TASK DETAILS
Exact copy, no pictures: repeat the data that follows.

Start of DATA SEGMENT

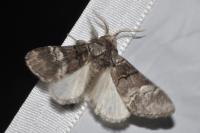 Drymonia querna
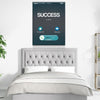 Success Swipe - Limited Edition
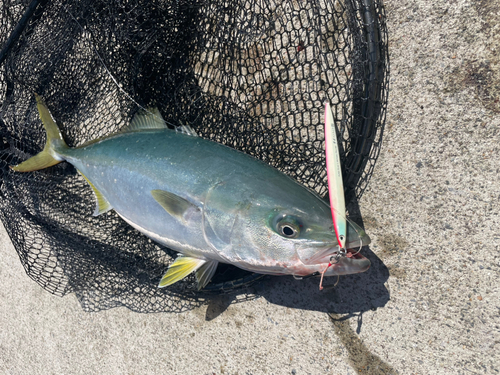 三陸海岸（岩手）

End of DATA SEGMENT

ANSWER FOR THE TASK
 Drymonia querna
 Success Swipe - Limited Edition
 三陸海岸（岩手）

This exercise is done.